I'm a bit new to ES and DSL query lang is a bit terra incognita for me, but I've already over-googled this topic and haven't found any idea. Idea is simple:

  1. We have search index, did some search query "foo", found some documents (ids) with scores: [{ "_id": "doc_id_1", "_score": 42 }, ...etc... ]
  2. Additionally we have big bad index with ranking statistics per search query. It can be organised in tuples like ("foo", [ "doc_id_1": 1.0, "doc_id_2": 2.0 ]) in some index or whatever else.
  3. We need to add (or multiply, or whatever) value for every found document id for given query (if they are presented ofc) to get final ranking score.

I've tried different approaches, terms queries, but I couldn't reach this level of granularity (per every doc id and boosting value for given search string).

Also, stats per query can be arbitrary large and I can't simple POST endless boosting instructions for every doc_id. There's no joins in ES and ranking function can't be represented in analytical form, only in table-based.

As you've noted, there are no joins in ES and a join is pretty much what you need.

So there are two options I can see.

First, denormalise: in other words, store all of the searches and scores in each document, so that you can look up the ranking for a particular query in each doc and incorporate it into the score. I can imagine that this approach would soon get out of hand though, depending on how many ranked searches you have.

The second option is to build a map of { doc_1: 1.0, doc_2: 2.0,...} for the current query (ie load it from your ranking index) and pass that in as a parameter to a script which checks for the presence of the current doc id in the map, and if found, applies the score change.

This is probably something you want to do in a rescorer (ie after the main query has already executed).

One possible performance optimisation would be to load all scores into memory in a custom rescorer plugin, which then is applied to every query. This just skips the (possibly slow) step of loading, making a map, passing to a script.

Hello and thanks for your reply!

  1. Denormalisation is not my case unfortunately cause I'd like score per search query and doc_id so I need to add map of tuples [ search_1 : score_1 ] per each doc which will take lots of space (as I think)

  2. I thought of it, for each query we collect nearly 1K-100K scores. Not sure it's good to build such queries but I will try to.

About rescorers - I found that they apply to TOPN results of query (window), I don't think that this is good for me, cause our scores can raise docs from very depths of results. But if I'm wrong then rescorer can be the answer.

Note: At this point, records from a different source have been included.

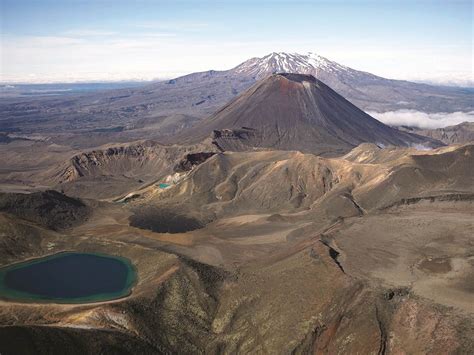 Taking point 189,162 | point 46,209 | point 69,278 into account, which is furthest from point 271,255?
point 189,162

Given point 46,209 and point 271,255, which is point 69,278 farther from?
point 46,209

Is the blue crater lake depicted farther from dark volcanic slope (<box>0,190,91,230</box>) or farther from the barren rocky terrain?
dark volcanic slope (<box>0,190,91,230</box>)

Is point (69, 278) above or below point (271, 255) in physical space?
below

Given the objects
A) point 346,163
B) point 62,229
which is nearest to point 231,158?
point 346,163

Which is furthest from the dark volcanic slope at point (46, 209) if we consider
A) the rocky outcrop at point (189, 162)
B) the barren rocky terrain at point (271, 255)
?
the rocky outcrop at point (189, 162)

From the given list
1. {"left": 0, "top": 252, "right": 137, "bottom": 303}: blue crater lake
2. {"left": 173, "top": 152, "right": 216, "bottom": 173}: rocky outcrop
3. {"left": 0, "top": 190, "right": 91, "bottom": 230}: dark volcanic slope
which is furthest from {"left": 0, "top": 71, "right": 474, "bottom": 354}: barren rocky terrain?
{"left": 173, "top": 152, "right": 216, "bottom": 173}: rocky outcrop

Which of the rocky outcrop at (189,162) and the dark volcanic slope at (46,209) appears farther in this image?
the rocky outcrop at (189,162)

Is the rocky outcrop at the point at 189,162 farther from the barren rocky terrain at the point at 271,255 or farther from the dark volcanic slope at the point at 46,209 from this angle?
the dark volcanic slope at the point at 46,209

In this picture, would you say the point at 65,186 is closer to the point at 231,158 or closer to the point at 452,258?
the point at 231,158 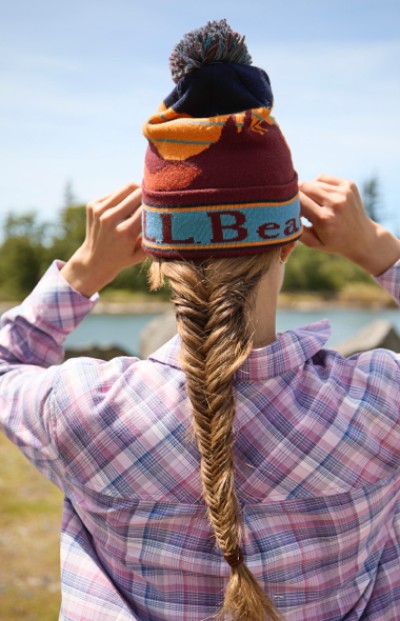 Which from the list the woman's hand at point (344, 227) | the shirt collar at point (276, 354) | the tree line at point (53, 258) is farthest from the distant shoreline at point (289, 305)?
the shirt collar at point (276, 354)

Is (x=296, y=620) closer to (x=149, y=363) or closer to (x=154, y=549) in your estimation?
(x=154, y=549)

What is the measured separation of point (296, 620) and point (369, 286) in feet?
124

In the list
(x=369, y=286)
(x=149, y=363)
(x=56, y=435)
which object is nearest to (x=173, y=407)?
(x=149, y=363)

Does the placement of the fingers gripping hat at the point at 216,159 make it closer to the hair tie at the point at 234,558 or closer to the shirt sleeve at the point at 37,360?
the shirt sleeve at the point at 37,360

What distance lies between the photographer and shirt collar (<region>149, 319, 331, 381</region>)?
3.78 ft

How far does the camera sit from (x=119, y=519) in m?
1.17

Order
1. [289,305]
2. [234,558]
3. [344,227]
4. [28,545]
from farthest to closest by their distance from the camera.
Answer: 1. [289,305]
2. [28,545]
3. [344,227]
4. [234,558]

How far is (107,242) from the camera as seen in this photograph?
4.75ft

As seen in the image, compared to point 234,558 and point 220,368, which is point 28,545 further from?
point 220,368

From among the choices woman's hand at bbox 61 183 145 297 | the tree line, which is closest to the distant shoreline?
the tree line

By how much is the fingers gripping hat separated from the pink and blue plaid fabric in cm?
23

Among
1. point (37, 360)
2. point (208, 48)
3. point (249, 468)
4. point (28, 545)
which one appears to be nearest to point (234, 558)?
point (249, 468)

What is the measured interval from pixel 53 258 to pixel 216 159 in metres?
36.6

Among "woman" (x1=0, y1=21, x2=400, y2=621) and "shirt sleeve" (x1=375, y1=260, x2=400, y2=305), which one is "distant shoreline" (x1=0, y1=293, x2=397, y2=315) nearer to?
"shirt sleeve" (x1=375, y1=260, x2=400, y2=305) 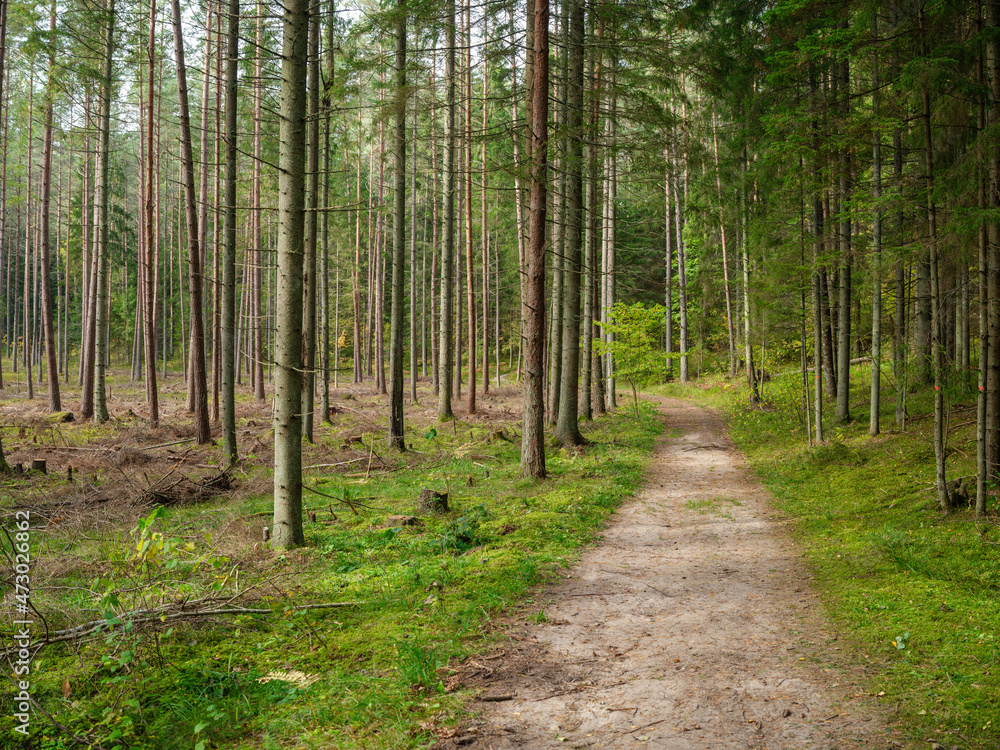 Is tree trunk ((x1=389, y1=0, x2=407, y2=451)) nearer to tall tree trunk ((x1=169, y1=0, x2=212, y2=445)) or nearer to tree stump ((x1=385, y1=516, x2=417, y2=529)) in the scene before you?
tall tree trunk ((x1=169, y1=0, x2=212, y2=445))

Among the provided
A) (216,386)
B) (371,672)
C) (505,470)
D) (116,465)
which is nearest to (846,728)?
(371,672)

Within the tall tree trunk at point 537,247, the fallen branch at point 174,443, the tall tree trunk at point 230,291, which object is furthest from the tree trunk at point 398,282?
the fallen branch at point 174,443

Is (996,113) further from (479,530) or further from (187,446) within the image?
(187,446)

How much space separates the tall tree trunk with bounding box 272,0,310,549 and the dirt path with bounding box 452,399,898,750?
11.1ft

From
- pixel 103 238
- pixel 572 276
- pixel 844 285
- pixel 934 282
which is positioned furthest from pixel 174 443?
pixel 844 285

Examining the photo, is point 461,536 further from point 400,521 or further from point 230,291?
point 230,291

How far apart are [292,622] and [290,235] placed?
3971mm

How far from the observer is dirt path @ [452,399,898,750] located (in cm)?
355

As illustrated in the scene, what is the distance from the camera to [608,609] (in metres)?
5.52

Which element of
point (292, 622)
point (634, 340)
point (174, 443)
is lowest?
point (292, 622)

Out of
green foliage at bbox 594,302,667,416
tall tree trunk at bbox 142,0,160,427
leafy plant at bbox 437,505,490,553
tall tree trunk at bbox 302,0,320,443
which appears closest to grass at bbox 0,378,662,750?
leafy plant at bbox 437,505,490,553

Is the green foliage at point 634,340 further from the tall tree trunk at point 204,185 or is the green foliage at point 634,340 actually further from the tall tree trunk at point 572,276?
the tall tree trunk at point 204,185

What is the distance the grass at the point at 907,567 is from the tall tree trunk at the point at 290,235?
18.9 feet

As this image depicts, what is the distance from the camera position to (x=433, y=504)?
8523mm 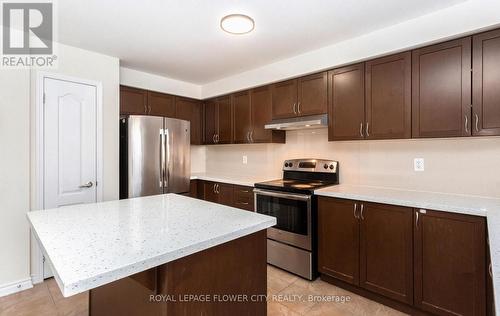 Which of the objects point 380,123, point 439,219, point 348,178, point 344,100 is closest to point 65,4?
point 344,100

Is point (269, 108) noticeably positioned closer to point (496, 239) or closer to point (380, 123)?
point (380, 123)

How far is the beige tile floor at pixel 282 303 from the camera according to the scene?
2055 millimetres

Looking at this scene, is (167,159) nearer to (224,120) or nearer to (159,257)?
(224,120)

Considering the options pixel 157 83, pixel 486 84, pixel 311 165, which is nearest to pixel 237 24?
pixel 311 165

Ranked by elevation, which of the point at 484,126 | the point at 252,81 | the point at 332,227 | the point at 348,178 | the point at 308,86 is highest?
the point at 252,81

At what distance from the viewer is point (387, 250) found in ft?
6.84

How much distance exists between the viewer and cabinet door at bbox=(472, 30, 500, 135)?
6.00 feet

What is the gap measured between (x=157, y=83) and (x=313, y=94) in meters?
2.28

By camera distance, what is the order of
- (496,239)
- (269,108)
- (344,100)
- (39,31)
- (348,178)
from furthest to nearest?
1. (269,108)
2. (348,178)
3. (344,100)
4. (39,31)
5. (496,239)

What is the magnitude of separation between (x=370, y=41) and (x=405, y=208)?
153 centimetres

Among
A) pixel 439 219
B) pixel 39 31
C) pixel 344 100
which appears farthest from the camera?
pixel 344 100

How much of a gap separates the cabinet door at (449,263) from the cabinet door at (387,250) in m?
0.06

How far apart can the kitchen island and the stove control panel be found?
→ 1.66m

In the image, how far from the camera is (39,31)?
2.36 meters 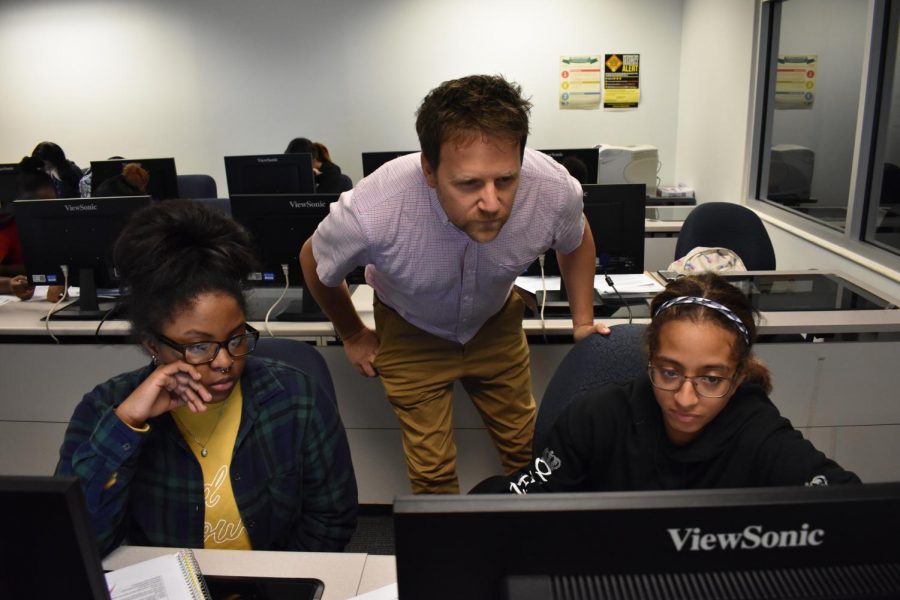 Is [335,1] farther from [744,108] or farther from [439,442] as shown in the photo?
[439,442]

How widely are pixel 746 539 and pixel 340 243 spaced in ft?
3.99

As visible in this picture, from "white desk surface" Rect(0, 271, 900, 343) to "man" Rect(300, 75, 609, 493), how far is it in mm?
340

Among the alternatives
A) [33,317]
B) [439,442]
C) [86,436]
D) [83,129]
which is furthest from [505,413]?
[83,129]

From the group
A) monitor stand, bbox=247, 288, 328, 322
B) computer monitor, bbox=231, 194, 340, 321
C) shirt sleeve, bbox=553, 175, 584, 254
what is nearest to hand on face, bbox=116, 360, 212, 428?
shirt sleeve, bbox=553, 175, 584, 254

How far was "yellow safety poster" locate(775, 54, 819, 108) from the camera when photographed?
3.78 metres

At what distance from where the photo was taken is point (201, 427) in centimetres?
120

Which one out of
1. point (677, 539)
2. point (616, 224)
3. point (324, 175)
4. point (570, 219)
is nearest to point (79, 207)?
point (570, 219)

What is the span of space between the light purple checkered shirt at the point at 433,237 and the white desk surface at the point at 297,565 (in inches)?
27.7

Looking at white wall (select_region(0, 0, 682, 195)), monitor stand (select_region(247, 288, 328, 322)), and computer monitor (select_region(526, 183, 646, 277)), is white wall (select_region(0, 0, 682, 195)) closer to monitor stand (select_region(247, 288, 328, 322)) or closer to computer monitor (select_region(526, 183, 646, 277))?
monitor stand (select_region(247, 288, 328, 322))

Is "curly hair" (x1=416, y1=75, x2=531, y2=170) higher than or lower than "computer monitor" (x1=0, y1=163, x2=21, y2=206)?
higher

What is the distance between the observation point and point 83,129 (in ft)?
19.1

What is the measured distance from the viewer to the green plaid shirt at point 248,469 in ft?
3.59

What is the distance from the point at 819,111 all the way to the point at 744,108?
1.28 ft

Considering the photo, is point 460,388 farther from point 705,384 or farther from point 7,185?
point 7,185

Also I've found LookUp script plugin that does search and then I can access another index fields from my query (not sure I understand it right): https://github.com/imotov/elasticsearch-native-script-example/blob/7a30538f955f0d90b01fded701e08b75a5c094c1/src/main/java/org/elasticsearch/examples/nativescript/script/LookupScript.java. As I understand this plugin can output additional scripting field (in my case with that map I need). But I haven't find:

  1. Can this code access document score to modify it or (if it's impossible)
  2. Access resulting map field from another script and calculate resulting score there

Thanks!

This topic was automatically closed 28 days after the last reply. New replies are no longer allowed.